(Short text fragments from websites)
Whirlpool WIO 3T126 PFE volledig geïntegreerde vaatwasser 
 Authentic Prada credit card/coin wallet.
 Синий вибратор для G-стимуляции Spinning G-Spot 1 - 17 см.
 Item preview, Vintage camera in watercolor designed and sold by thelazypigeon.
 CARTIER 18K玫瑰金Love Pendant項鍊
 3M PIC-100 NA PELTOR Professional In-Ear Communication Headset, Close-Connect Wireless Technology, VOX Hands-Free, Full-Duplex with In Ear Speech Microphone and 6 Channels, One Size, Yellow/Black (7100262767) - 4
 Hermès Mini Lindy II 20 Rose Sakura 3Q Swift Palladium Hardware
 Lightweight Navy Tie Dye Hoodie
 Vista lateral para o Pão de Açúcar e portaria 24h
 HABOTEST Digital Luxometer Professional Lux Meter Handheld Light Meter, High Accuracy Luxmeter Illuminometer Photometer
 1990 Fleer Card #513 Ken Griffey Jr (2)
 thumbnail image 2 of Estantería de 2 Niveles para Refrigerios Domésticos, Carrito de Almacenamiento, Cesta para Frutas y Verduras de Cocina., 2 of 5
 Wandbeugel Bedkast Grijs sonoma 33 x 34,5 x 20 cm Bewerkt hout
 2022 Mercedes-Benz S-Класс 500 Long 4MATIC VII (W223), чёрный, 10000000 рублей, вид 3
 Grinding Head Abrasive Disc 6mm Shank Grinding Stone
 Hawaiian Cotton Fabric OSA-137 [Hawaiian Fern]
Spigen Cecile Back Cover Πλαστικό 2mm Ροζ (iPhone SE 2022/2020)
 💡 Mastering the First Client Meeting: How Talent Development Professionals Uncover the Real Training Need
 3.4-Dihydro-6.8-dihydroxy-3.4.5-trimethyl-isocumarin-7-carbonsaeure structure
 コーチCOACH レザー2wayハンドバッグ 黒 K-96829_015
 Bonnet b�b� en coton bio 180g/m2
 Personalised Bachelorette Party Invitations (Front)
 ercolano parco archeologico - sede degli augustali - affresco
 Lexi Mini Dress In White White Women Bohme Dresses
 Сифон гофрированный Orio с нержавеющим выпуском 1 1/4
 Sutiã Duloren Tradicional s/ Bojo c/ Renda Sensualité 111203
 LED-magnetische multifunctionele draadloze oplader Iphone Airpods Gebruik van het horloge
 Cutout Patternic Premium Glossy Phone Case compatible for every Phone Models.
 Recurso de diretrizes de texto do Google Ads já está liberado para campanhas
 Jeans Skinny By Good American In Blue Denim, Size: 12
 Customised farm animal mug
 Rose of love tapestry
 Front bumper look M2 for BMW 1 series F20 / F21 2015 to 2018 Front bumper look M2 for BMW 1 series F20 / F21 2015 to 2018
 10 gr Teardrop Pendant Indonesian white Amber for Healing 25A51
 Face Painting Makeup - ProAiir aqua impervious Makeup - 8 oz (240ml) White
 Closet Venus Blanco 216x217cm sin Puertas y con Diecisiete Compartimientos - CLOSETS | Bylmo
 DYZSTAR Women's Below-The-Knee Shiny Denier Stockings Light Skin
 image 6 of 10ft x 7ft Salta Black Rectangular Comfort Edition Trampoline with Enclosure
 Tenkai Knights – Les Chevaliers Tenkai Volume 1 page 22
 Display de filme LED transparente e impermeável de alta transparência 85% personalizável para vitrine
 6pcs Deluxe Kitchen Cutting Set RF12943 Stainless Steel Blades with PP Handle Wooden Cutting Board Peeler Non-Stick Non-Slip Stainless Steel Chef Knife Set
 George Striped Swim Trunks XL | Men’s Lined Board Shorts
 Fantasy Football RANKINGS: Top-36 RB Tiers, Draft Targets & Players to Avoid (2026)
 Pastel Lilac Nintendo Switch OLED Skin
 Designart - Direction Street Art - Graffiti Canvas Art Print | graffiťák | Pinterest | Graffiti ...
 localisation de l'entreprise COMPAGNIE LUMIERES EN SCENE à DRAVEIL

- What you have to do -
The entries are to be repeated exactly, with nothing altered.

- Output of the task -
Whirlpool WIO 3T126 PFE volledig geïntegreerde vaatwasser 
 Authentic Prada credit card/coin wallet.
 Синий вибратор для G-стимуляции Spinning G-Spot 1 - 17 см.
 Item preview, Vintage camera in watercolor designed and sold by thelazypigeon.
 CARTIER 18K玫瑰金Love Pendant項鍊
 3M PIC-100 NA PELTOR Professional In-Ear Communication Headset, Close-Connect Wireless Technology, VOX Hands-Free, Full-Duplex with In Ear Speech Microphone and 6 Channels, One Size, Yellow/Black (7100262767) - 4
 Hermès Mini Lindy II 20 Rose Sakura 3Q Swift Palladium Hardware
 Lightweight Navy Tie Dye Hoodie
 Vista lateral para o Pão de Açúcar e portaria 24h
 HABOTEST Digital Luxometer Professional Lux Meter Handheld Light Meter, High Accuracy Luxmeter Illuminometer Photometer
 1990 Fleer Card #513 Ken Griffey Jr (2)
 thumbnail image 2 of Estantería de 2 Niveles para Refrigerios Domésticos, Carrito de Almacenamiento, Cesta para Frutas y Verduras de Cocina., 2 of 5
 Wandbeugel Bedkast Grijs sonoma 33 x 34,5 x 20 cm Bewerkt hout
 2022 Mercedes-Benz S-Класс 500 Long 4MATIC VII (W223), чёрный, 10000000 рублей, вид 3
 Grinding Head Abrasive Disc 6mm Shank Grinding Stone
 Hawaiian Cotton Fabric OSA-137 [Hawaiian Fern]
Spigen Cecile Back Cover Πλαστικό 2mm Ροζ (iPhone SE 2022/2020)
 💡 Mastering the First Client Meeting: How Talent Development Professionals Uncover the Real Training Need
 3.4-Dihydro-6.8-dihydroxy-3.4.5-trimethyl-isocumarin-7-carbonsaeure structure
 コーチCOACH レザー2wayハンドバッグ 黒 K-96829_015
 Bonnet b�b� en coton bio 180g/m2
 Personalised Bachelorette Party Invitations (Front)
 ercolano parco archeologico - sede degli augustali - affresco
 Lexi Mini Dress In White White Women Bohme Dresses
 Сифон гофрированный Orio с нержавеющим выпуском 1 1/4
 Sutiã Duloren Tradicional s/ Bojo c/ Renda Sensualité 111203
 LED-magnetische multifunctionele draadloze oplader Iphone Airpods Gebruik van het horloge
 Cutout Patternic Premium Glossy Phone Case compatible for every Phone Models.
 Recurso de diretrizes de texto do Google Ads já está liberado para campanhas
 Jeans Skinny By Good American In Blue Denim, Size: 12
 Customised farm animal mug
 Rose of love tapestry
 Front bumper look M2 for BMW 1 series F20 / F21 2015 to 2018 Front bumper look M2 for BMW 1 series F20 / F21 2015 to 2018
 10 gr Teardrop Pendant Indonesian white Amber for Healing 25A51
 Face Painting Makeup - ProAiir aqua impervious Makeup - 8 oz (240ml) White
 Closet Venus Blanco 216x217cm sin Puertas y con Diecisiete Compartimientos - CLOSETS | Bylmo
 DYZSTAR Women's Below-The-Knee Shiny Denier Stockings Light Skin
 image 6 of 10ft x 7ft Salta Black Rectangular Comfort Edition Trampoline with Enclosure
 Tenkai Knights – Les Chevaliers Tenkai Volume 1 page 22
 Display de filme LED transparente e impermeável de alta transparência 85% personalizável para vitrine
 6pcs Deluxe Kitchen Cutting Set RF12943 Stainless Steel Blades with PP Handle Wooden Cutting Board Peeler Non-Stick Non-Slip Stainless Steel Chef Knife Set
 George Striped Swim Trunks XL | Men’s Lined Board Shorts
 Fantasy Football RANKINGS: Top-36 RB Tiers, Draft Targets & Players to Avoid (2026)
 Pastel Lilac Nintendo Switch OLED Skin
 Designart - Direction Street Art - Graffiti Canvas Art Print | graffiťák | Pinterest | Graffiti ...
 localisation de l'entreprise COMPAGNIE LUMIERES EN SCENE à DRAVEIL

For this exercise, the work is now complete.